TASK OBJECTIVE:
Transcribe the listing below exactly, leaving out each image.

PROVIDED DATA:
--------------------

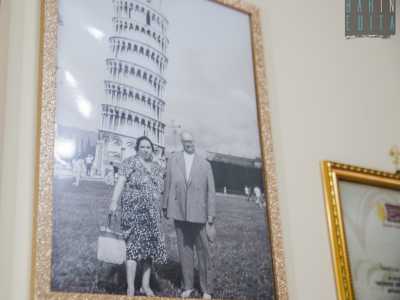...� appesa alla parete una foto del fondatore Leonardo Violante insieme con la moglie Maria Roppo...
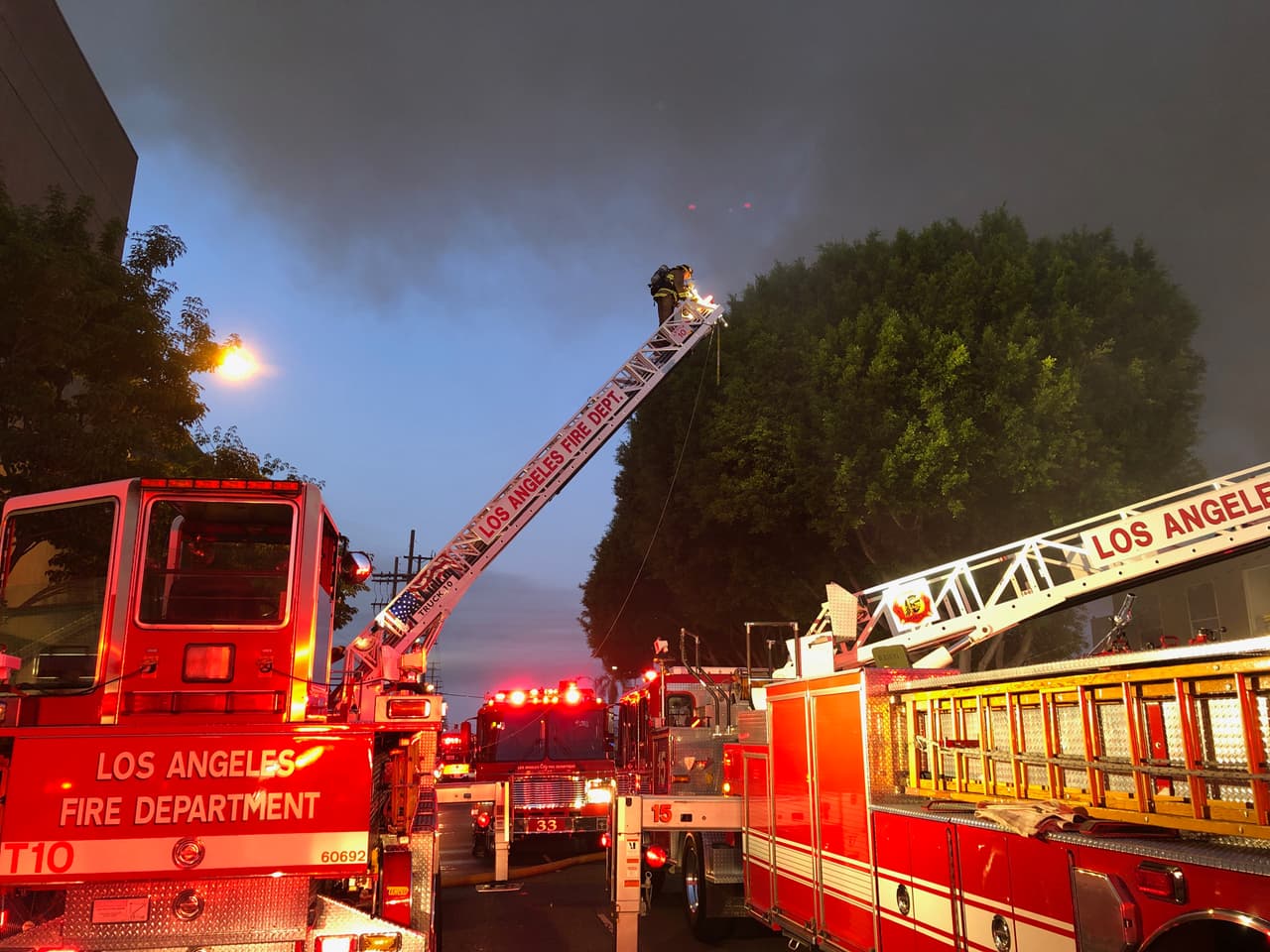 Varias máquinas atendieron la emergencia.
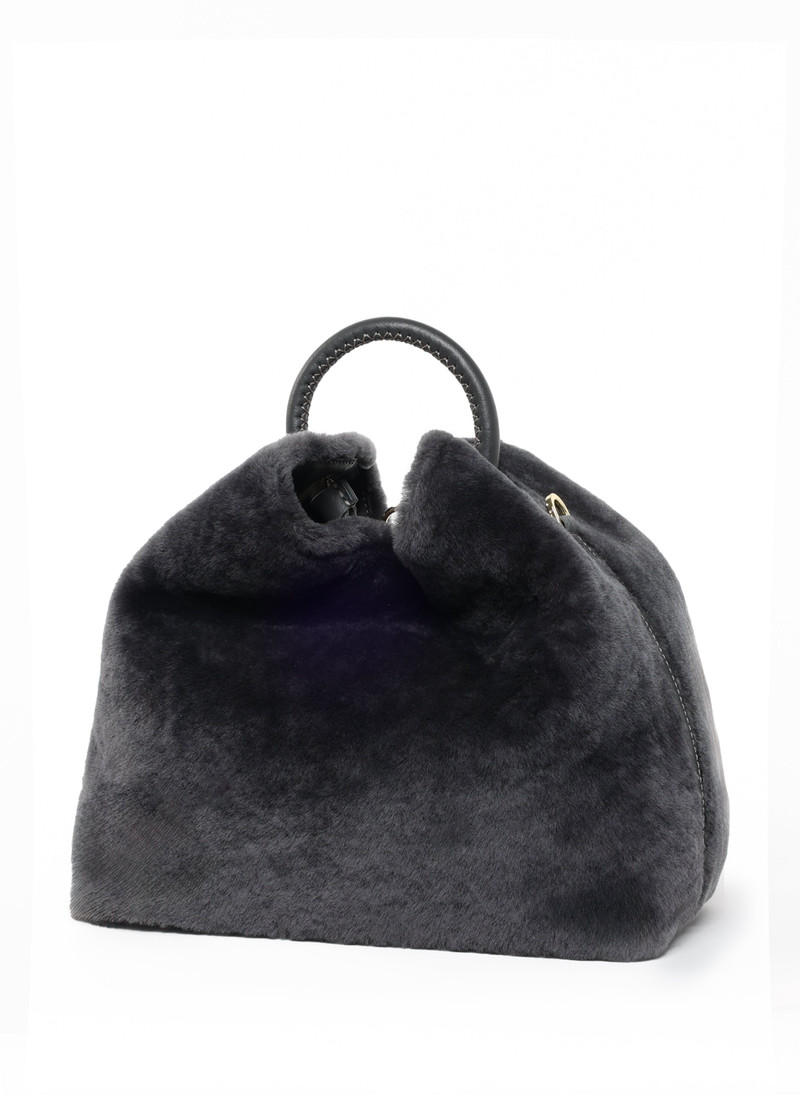 Elleme Raisin Shearling Montone Ardesia outlook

--------------------

FINISHED TASK:
...� appesa alla parete una foto del fondatore Leonardo Violante insieme con la moglie Maria Roppo...
 Varias máquinas atendieron la emergencia.
 Elleme Raisin Shearling Montone Ardesia outlook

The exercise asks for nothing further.